* AVAILABLE RECORDS:
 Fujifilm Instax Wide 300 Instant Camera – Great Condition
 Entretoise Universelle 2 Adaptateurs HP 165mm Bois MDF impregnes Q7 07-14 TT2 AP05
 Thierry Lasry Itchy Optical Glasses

--

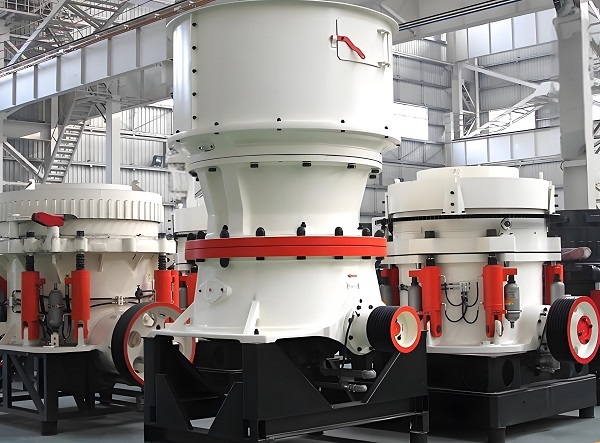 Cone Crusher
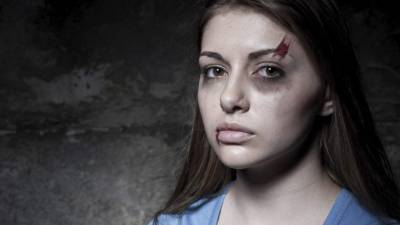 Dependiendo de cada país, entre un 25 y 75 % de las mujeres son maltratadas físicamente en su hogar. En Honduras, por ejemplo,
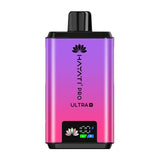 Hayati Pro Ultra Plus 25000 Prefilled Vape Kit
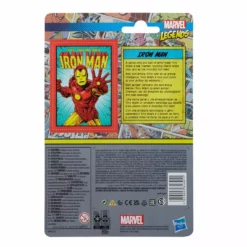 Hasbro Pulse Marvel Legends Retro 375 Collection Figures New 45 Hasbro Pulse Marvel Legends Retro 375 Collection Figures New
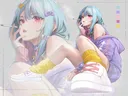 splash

* EXERCISE DESCRIPTION: In the data above, find the line that contains "Fujifilm Instax Wide" and the line that contains "Thierry Lasry Itchy Optical Glasses". Repeat exactly those lines and every line between them, and only those.

* TASK OUTPUT:
 Fujifilm Instax Wide 300 Instant Camera – Great Condition
 Entretoise Universelle 2 Adaptateurs HP 165mm Bois MDF impregnes Q7 07-14 TT2 AP05
 Thierry Lasry Itchy Optical Glasses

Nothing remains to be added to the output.